Get Your Blog Up

“This administration is populated by people who’ve spent their careers bashing government. They’re not just small-government conservatives—they’re Grover Norquist, strangle-it-in-the-bathtub conservatives. It’s a cognitive disconnect for them to be able to do something well in an arena that they have so derided and reviled all these years.”

Senator Hillary Clinton

Wednesday, November 24, 2004

Banning a lie

I've been sitting looking at this article about the so called "banning of the Declaration of Independence at a California school and wondering what the full story was. If it is true, then it is in horribly bad form. But I can't imagine that a school district, especially one in the Bay area would risk such a fight over something as silly as this.

And it is silly, or appears to be on the face of it. But this is exactly the kind of thing that the conservative Christians manage to overblow and turn to their advantage. Soon we will hear about the liberal judges who cause the Declaration to be banned, but not about Conservative judges who caused women to die because they denied them abortion rights. Their noise machine is just better.

I saw this story around midday, and it has taken this long for me to find the response to the surprisingly one sided article listed above. Here's a peak at the truth:
...the teacher was forcing his students to listen to and read "Christian Nation" propaganda. The school asked him to stop. The teacher is suing the school with the help of a right-wing "Christian Law" organization, the Alliance Defense Fund. (Also see this.)

The school did not "ban the Declaration of Independence" -- that is just a lie. This story is like when you hear that a man was "arrested for praying" and you find out he was kneeling in the middle of a busy intersection at rush hour and refused to move.

More at See the Forest, who also points to Digby, who supplies this for all of those "we are a Christian nation" idealists:
The 1796 treaty with Tripoli, negotiations begun under Washington and signed by Adams states:
[As] the government of the United States of America is not in any sense founded on the Christian Religion

It just makes me sad that things have come to this. I have no problem with religion and it's practice, but I do have a problem when it become intrusive on other people's lives (especially children), and them is used as a wedge issue based on an outright lie (Which I always thought was a sin. What do us blue staters know, though?).

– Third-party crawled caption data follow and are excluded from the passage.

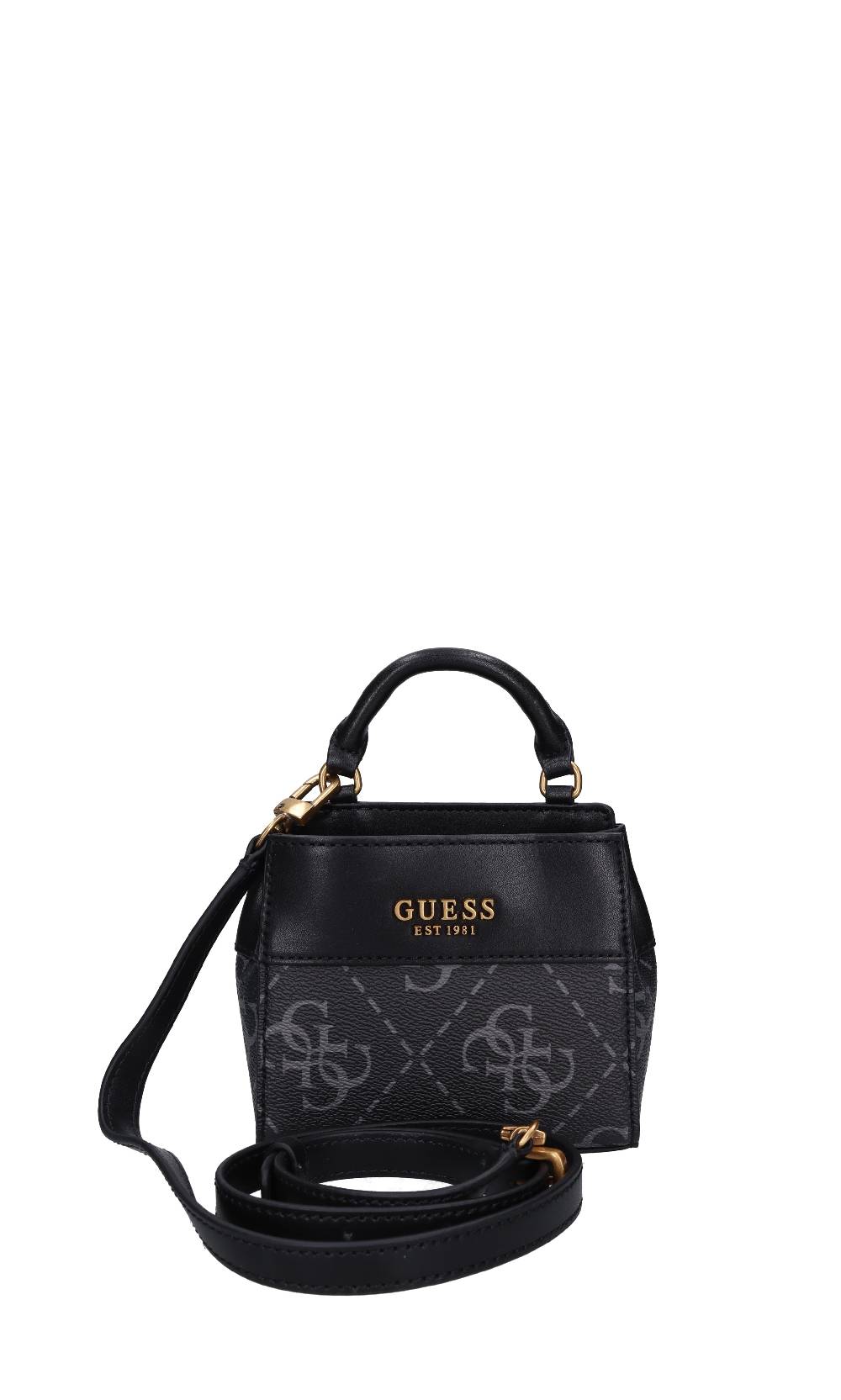 GUESS Borsa in ecopelle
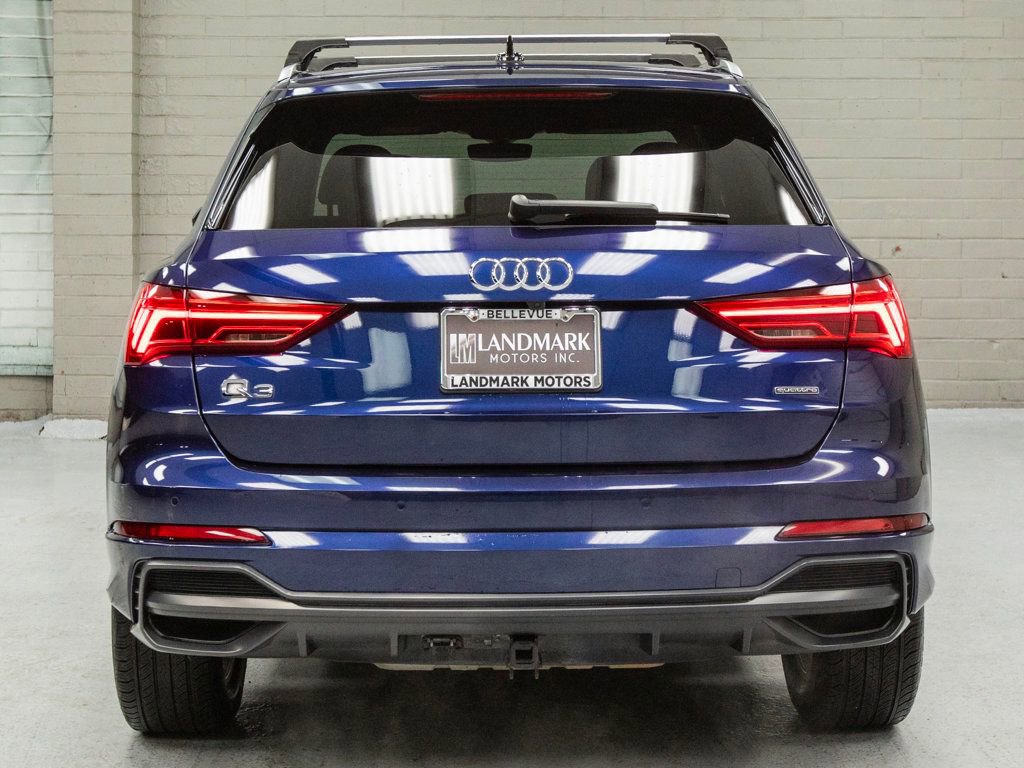 Used 2021 Audi Q3 2.0T Premium w/ Convenience Package image 32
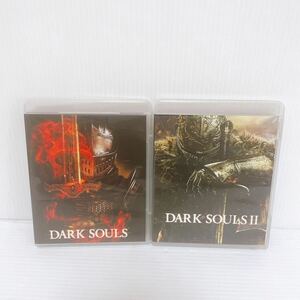 未検品 DARK SOULSスペシャルマップ サウンドトラック 2枚セット C188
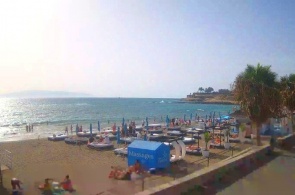 Playa de Fanabe. Webcams Costa Adeje
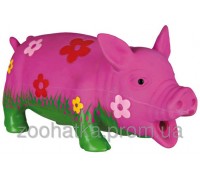 Trixie (Трикси) Pig Игрушка для собак Свинка из латекса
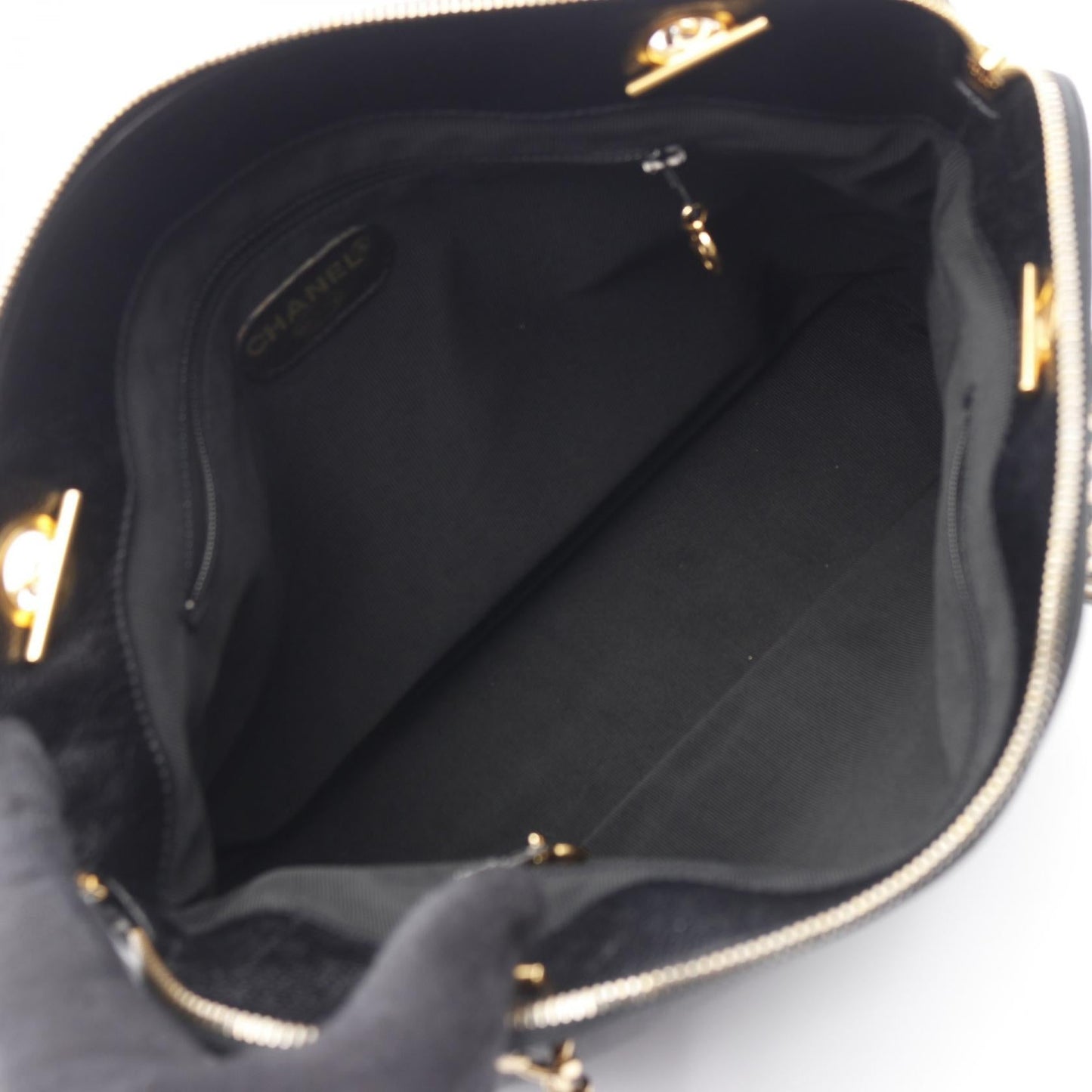 Chanel Calf Shoulder Bag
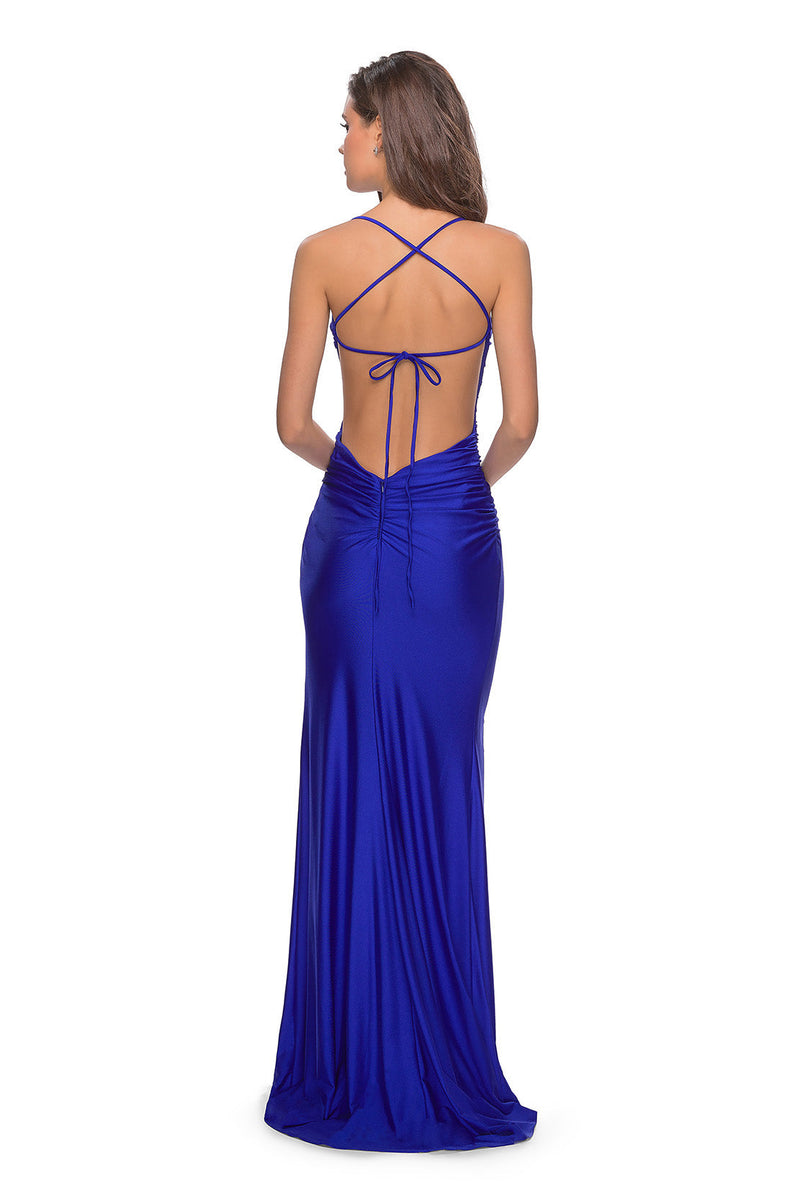 La Femme 28296 Royal Blue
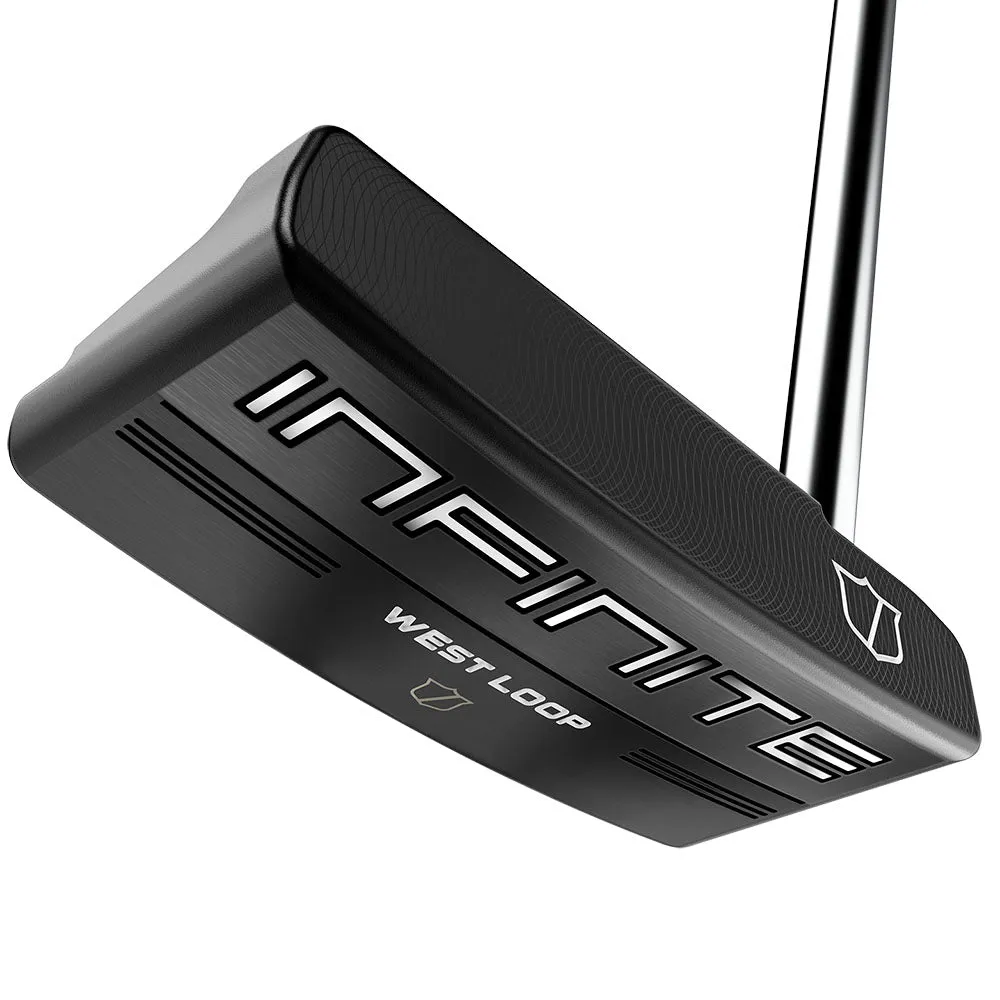 Wilson Infinite Putter - West Loop, Best golf gifts 2024, Yellow golf balls, Adidas golf shoes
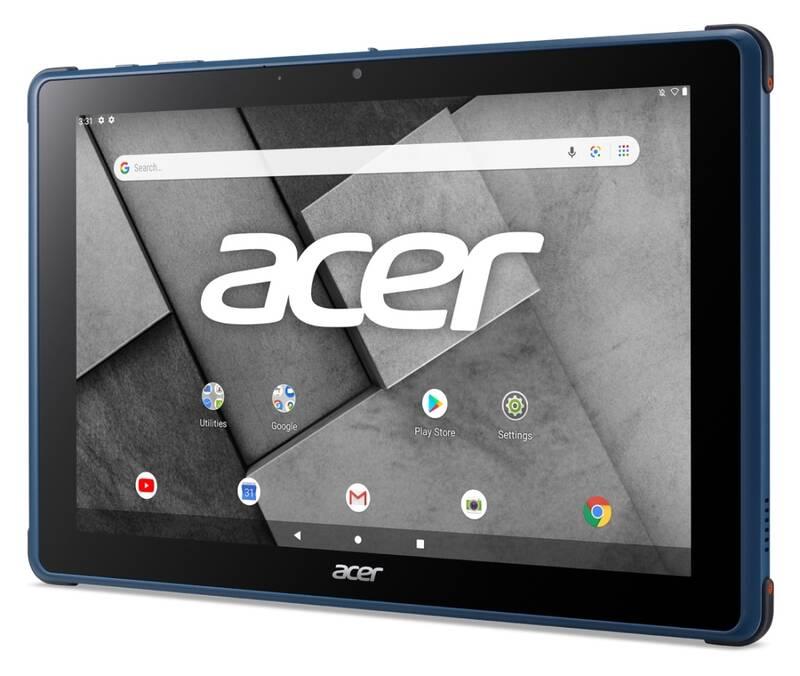 Dotykový tablet Acer Enduro Urban T1 modrý, Dotykový, tablet, Acer, Enduro, Urban, T1, modrý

*UPDATE* More on the secular history of America, not that it matters. I say that because the lie has already been spread and the frame is already built. Liberals hate religion. The counter to this is not a factual based refutation, but rather that Conservatives hate religious freedom and tolerance. They want to tell you exactly what G-d means and how you should worship him. They want to tell you which church to attend and at what time. And if you don't follow their rules, then you are not a true Christian.

If there is one thing people hate, it's being told what to do by the government.

*UPDATE, TOO* Surprisingly (so far), some on the right look at the story with the samr wonder and doubt I did early on. For example, the guys from Power Line:
As a lawyer, however, I should note that most allegations asserted in pleadings are untrue. So news reports based on what someone has stated in a legal complaint should always be taken with a huge grain of salt. Still, the Trunk has been saying for a while that it is only a matter of time until the Constitution is held to be unconstitutional. The Declaration will presumably bite the dust first.

Just when you think you can characterize a group...
Granted, there are plenty of people out there ranting and raving without giving this story much thought, but I must extend a certain amount of respect to those that haven't jumped the gun. No matter how much they idolize Hugh Hewitt.